Senza Parole
Probabilmente abbiamo già scritto tutto. E forse potrebbe sembrare estenuante seguitare a rivolgersi ai “massimi rappresentanti” delle istituzioni per continuare ad appellarsi su questioni ovvie. Ma, si sa, nell’essere umano la rassegnazione rappresenta l’ultima spiaggia. E forse è a questa che non si vuole arrivare. La nuova bocciatura del Csm nei confronti della candidatura del pm Nino Di Matteo alla Direzione Nazionale Antimafia si commenta da sola. Rabbia, amarezza e disillusione sono solo alcuni dei sentimenti che albergano nei cittadini onesti che vedevano nella nomina di Di Matteo una risposta chiara dello Stato nei confronti del magistrato più esposto d’Italia. Più volte abbiamo definito la stragrande maggioranza dei componenti del Csm “sepolcri imbiancati” veicolati da logiche politiche lontane anni luce dai principi di giustizia. Recentemente ci siamo rivolti al neo Presidente della Repubblica, Sergio Mattarella, per chiedere di vigilare sull’Organo di autogoverno delle toghe, presieduto da lui stesso, auspicando un segnale di vicinanza verso chi è stato condannato a morte da Cosa Nostra. Che altro dovremmo aggiungere? Che con questa decisione si dimostra plasticamente che lo Stato non vuole essere vicino a Nino Di Matteo? Che in questo modo lo si espone ulteriormente al rischio di un attentato?

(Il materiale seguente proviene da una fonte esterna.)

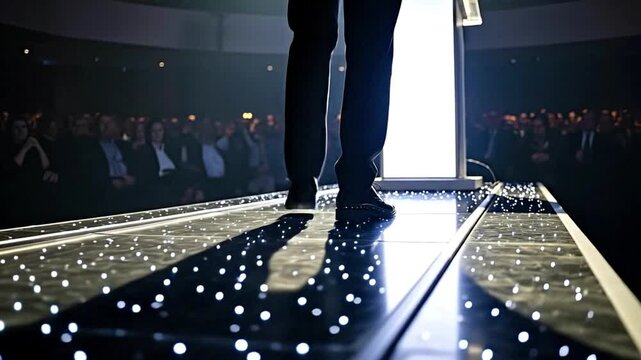 A low-angle view of a speakers legs on a stage with embedded lights standing by a glowing lectern in front of a seated audience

“Si muore quando si è lasciati soli”, diceva Giovanni Falcone, e quella solitudine non veniva dalla società civile, ma dalle istituzioni. E tra provvedimenti disciplinari aperti, l’emissione di circolari particolari e mancate nomine in questi anni il Consiglio superiore della magistratura si è dato un gran da fare, così come accadeva ai tempi di Falcone e Borsellino. Poco importa se appena l’anno scorso, in poco più di venti giorni, sono state raccolte oltre 91.000 firme per chiedere al Csm di nominare Procuratore Aggiunto di Palermo lo stesso Di Matteo. Nel frattempo l’allarme attorno al magistrato si è fatto sempre più alto e alla presenza a Palermo di oltre centocinquanta chili di tritolo, così come raccontato dal pentito Vito Galatolo, si aggiunge il rischio di un attentato per mezzo di un fucile di precisione. Un elemento che non può essere affatto trascurato. E se con quella petizione, promossa da Salvatore Borsellino e dalla nostra redazione, si chiedeva di dare un segnale a sostegno delle indagini condotte dal magistrato e dal pool che indaga sulla trattativa Stato-mafia, stavolta il segnale sarebbe stato ancora più forte. Una manifestazione concreta di vicinanza da parte dello Stato nei confronti di chi ha subìto una condanna a morte da Totò Riina e da quei “sistemi criminali” che attendono solo il momento migliore per realizzare quella sentenza. Non smetteremo mai di chiedere l’intervento dei vertici istituzionali per salvare la vita del magistrato. Di fronte al silenzio più assordante che giunge dalle “massime autorità” ognuno di noi ha l’obbligo morale di opporvisi testimoniando lo scempio che sta avvenendo con la complicità di buona parte della “casta” della magistratura, della politica e dell’informazione. A futura memoria.